Oleg Vyshniakov (Олег Володимирович Вишняков: Олег Владимирович Вишняков; אולג וישניאקוב; born 9 September 1965) is a Ukrainian businessman and a public figure, in office since November 2014 as the Ukrainian Honorary Consul of the State of Israel in the city of Lviv in Western Ukraine.

==Biography==
Vyshniakov was born in Kyiv in Ukraine. In 1987 he completed his degree at the Technological Institute in Kaunas, Lithuania, in the field of engineering and technology, with an expertise in managing water resources and treatment of industrial wastewater. After his studies, he worked for three years in the local legal system, and since 1991, he is engaged in private entrepreneurship. He owns a number of commercial and entertainment centers, several supermarket chains and business centers in Ukraine, Latvia, Georgia and Poland. In November 2014, Vyshniakov was appointed as the Ukrainian Honorary Consul of the State of Israel in Western Ukraine, and in May 2015, the Honorary Israeli Consulate was founded in the city of Lviv.
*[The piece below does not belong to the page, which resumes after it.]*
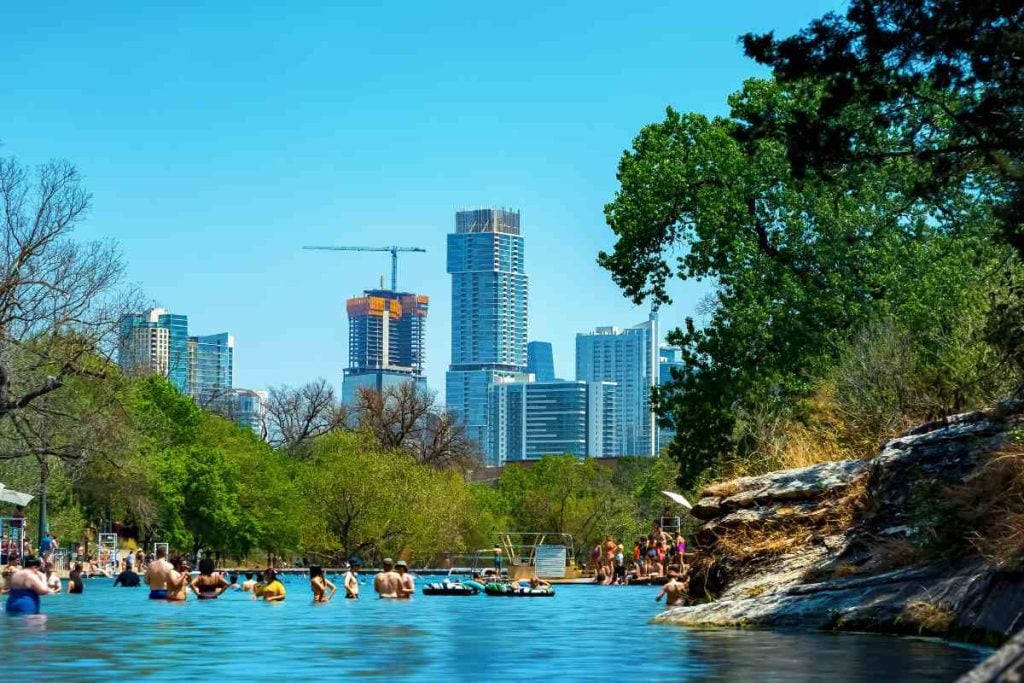 View of a natural pool in Austin, Texas with people swimming in it and trees around it.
==Part of his activities as Honorary Consul of the State of Israel in Western Ukraine==
- Operating six training and enrichment programs for psychologists and care professionals, instructed by psychologists and rehabilitation experts from Israel, operating throughout the country, under the support of the Honorary Consul of the State of Israel in the city of Lviv, and in cooperation with the Embassy of Israel in Ukraine. As of August 2015, 200 Ukrainian psychologists have been trained through this program.
- Financial assistance to children in Ukraine, and helping the children of combatants who lost their lives or were wounded in combat zones. As part of this assistance, a delegation of 18 children from Lviv and its surroundings visited the rehabilitation center in Jerusalem.
- Launching direct flights between Lviv and Tel Aviv, operated by Ukraine International Airlines, with regular flights twice a week.
- Developing a special tourism program for Jews and Israelis, in cooperation with the Lviv Municipality and the District Administration, which includes visits to Jewish memorial site and architecture, operated by Hebrew speaking tourist guides.
- Appointment and establishment of an inter-ministerial committee for Ukrainian-Israeli trade and economic cooperation, as well as the establishment of an economic business forum, initiated by Vyshniakov, which shall be launched in November 2015 in Kiev. Leading developers in the fields of Industry and Trade in Ukraine and Israel will part of this program.
- Establishment of a cultural center, sponsored by the Honorary Consul of the State of Israel. The center holds exhibitions, concerts, shows, movies, meetings with public officials and Israeli culture, as well as workshops, all free of charge.
- Publishing a political science textbook, in cooperation with the Embassy of the State of Israel in Ukraine, on the basis of which there a special course is held at the University of Lviv.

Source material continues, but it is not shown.